After that Garwal helped the British to step in and then conquer a large part of the region through the treaty of Sigauli in the year 1817. This region got merged with Utter Pradesh after independence. Then there happened a vocal separatist movement after which the present state of Uttaranchal was formed in the year 2000.
In the year 2007, the state was officially also re-named as Uttarakhand and this word traditionally means "Northern Country".
The central stretch of the Himalayas also had an ancient Puranic term and that is called the Uttarakhand. The peaks as well as the valleys well very well known in the earlier times and it was called the abode of Gods and also Goddesses. This was also referred to as the source of the river Ganges. Today this state is also referred to as the "land of Gods". This is because there are a number of Hindu pilgrimage spots that are now available.
A lot of dynasties starting from the Pauravas, Kushanas, Katyuris, Guptas, Palas, Kunindas, the Chands, and Parmars or Panwars to the British have ruled this place from time to time.
Know About the Ancient Medieval History of this Place
The Kols originally inhabited the Himalayan region. They were later joined by the Indo-Aryan khas tribe from the North Western part during the Vedic period. During the Vedic period the Uttarakhand region was served by both the sadhus as well as rishis. As per the legend, Sage Vyasa first scripted The Mahabharata as it is believed that the Pandavas have camped and stayed in this particular region.
Kunindas in the 2nd century were one among the first major dynasties and they practised Shaivism at its earliest forms. These people traded in Salt with the Western part of Tibet.

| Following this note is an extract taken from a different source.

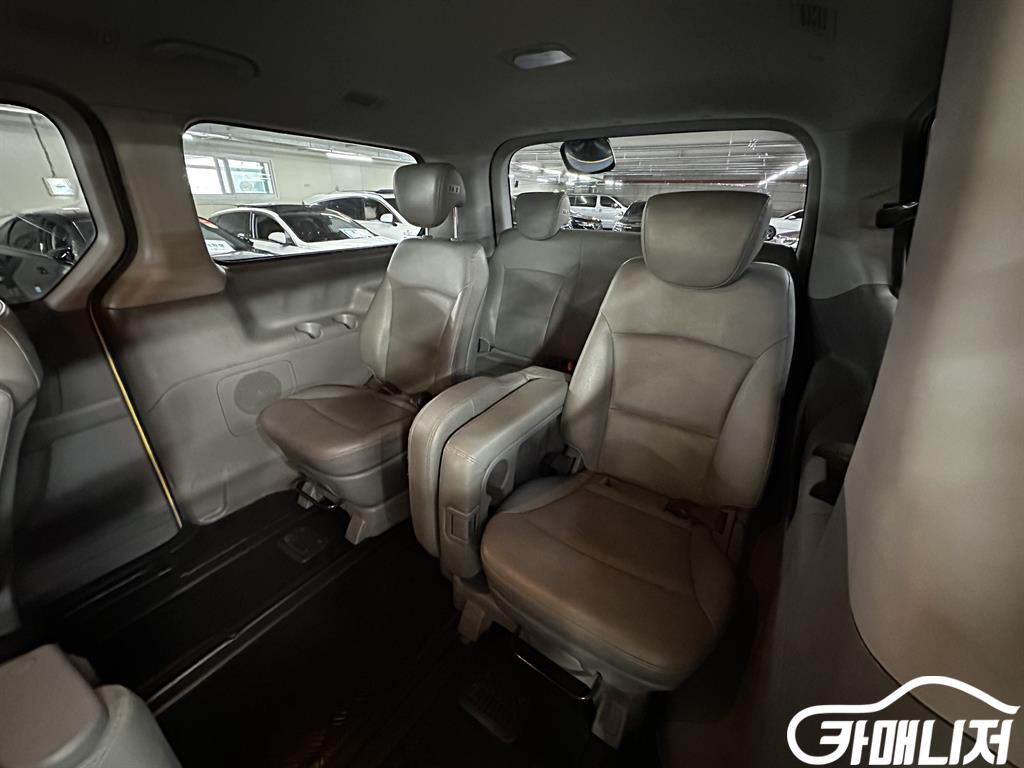 Hyundai Starex Grand Starex 12-Seater LPi thumbnail 8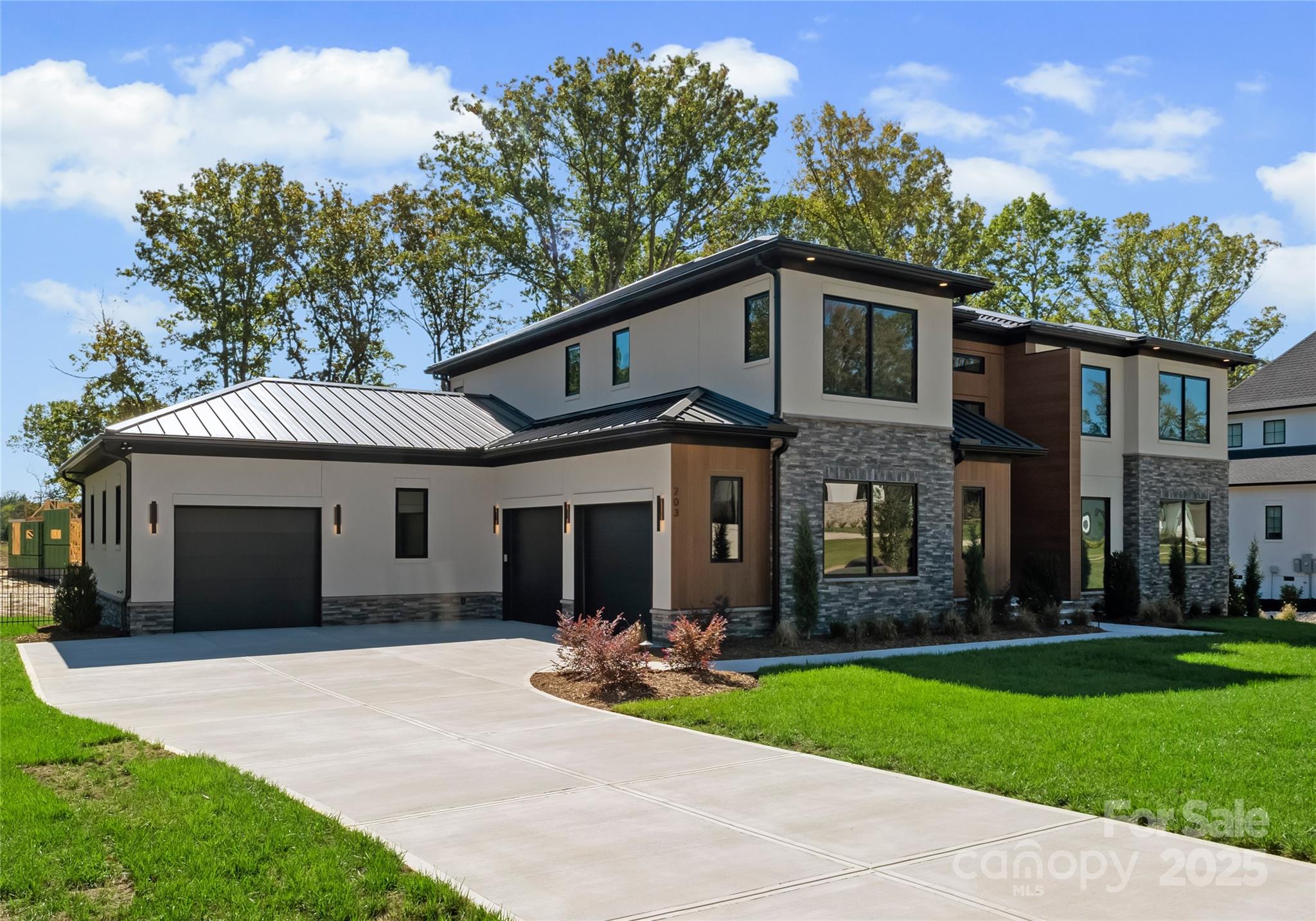 203 Sugar Maple Lane 23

Again between the 7th and the 14th centuries, the Katyuri dynasty started dominating lands of varying areas starting from the Katyur valley in the Kumaon region.
By the middle period the region again got consolidated under the Kumaon kingdom in the Eastern part of the country and the Garhwal kingdom in the Western part of the country. From the 13th till the 18th century, Kumaon kingdom grew and prospered under the Chand Rajas and they actually had their origin in the Indian plains.
During this time, there were new forms of painting also started being developed. The modern day Garhwal was unified under the Panwar rajas and they came to the plains along with Rajputs and also the Brahmins.
The Changes that Happened Post Independence
After India was independent the princely state of Tehri got merged with Uttar Pradesh. The Uttarakhand was composed of Kumaon and also Garhwal divisions. Till the year 1998, this region was mainly referred to as Uttarakhand. After that there were a number of new political groups coming up and they started fighting for an absolutely separate state.
The hill kingdoms of Kumaon and Garhwal are each others rivals and they have varied cultural as well as linguistic influences. But due to the closeness of the various ethnic groups and their similar economy, geography, tradition and culture created a strong bond between the Kumaon and the Garhwal regions.
It was due to this new bond that there was a new political identity formed from the year 1990. This new unity between these two communities gained momentum in the year 1994. The demand for separate state got very wide acceptance among the local people.
Uttarakhand was Finally Born
This state was born when there was a new round of state re-organization in the year1998. The name change of the state resulted in a lot of agitation among the state activists who considered this to be a political act.
However, inspite of all the problems, from the month of January 2007, Uttarakhand started being used and the hill states of Kumaon and Garhwal finally got a name that reflects their cultural past and heritage.